A final musing about Dukie. It was worrisome seeing him take to the streets last night, bored and kicking cans as he got shot down from job after job. (Poot, who I can never really forgive after he went after my beloved Wallace, was in ref stripes at a sneaker store saying Dukie had to bang a little while longer until he was old enough to get a job there. It’s kind of like being told as a teenager that you can go off to fight in a war but you still can’t buy yourself a drink.) But then Dukie hooked up with a junk man who at first I thought was Bubbles, and I hallelujahed that the two were finally going to connect. Alas, it was another junk man. Now am I nuts, or wasn’t Bubbles once running a similar trade, selling Hanes T-shirts and whatnot out of his cart? So then, here’s my question to you: Could The Wire be setting us up to see Dukie as a younger Bubbles, a good, heartful boy who couldn’t make it out of the neighborhood, inevitably stumbled into a poisonous life of drugs, but 20 years from now might, if he’s crazy lucky, straighten up the way Bubbles seems to be doing himself. Oh, Dukie dear, I think I’d rather you go the dancer route.
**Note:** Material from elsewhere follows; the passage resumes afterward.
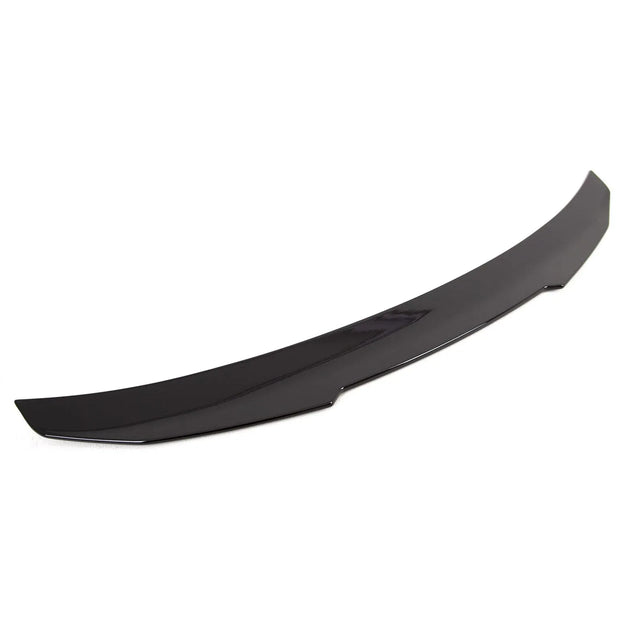Fits BMW 4 Series G22 G82 M4 2020- Rear Trunk Boot Lip Spoiler Gloss Black - image 4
Oh, fine, one more line of the night, this exchange between Gus and another newsman: ”Weird shit, talking to a psychopath like that.” ”I talked to Dick Cheney once.”

But what did you all think? Is McNulty slammer bound? Can you spit like Snoop? Is the newspaper angle as invigorating to you as past seasons’ themes, or has it already wrung itself dry? And with Omar gone, is Bunk your new favorite character?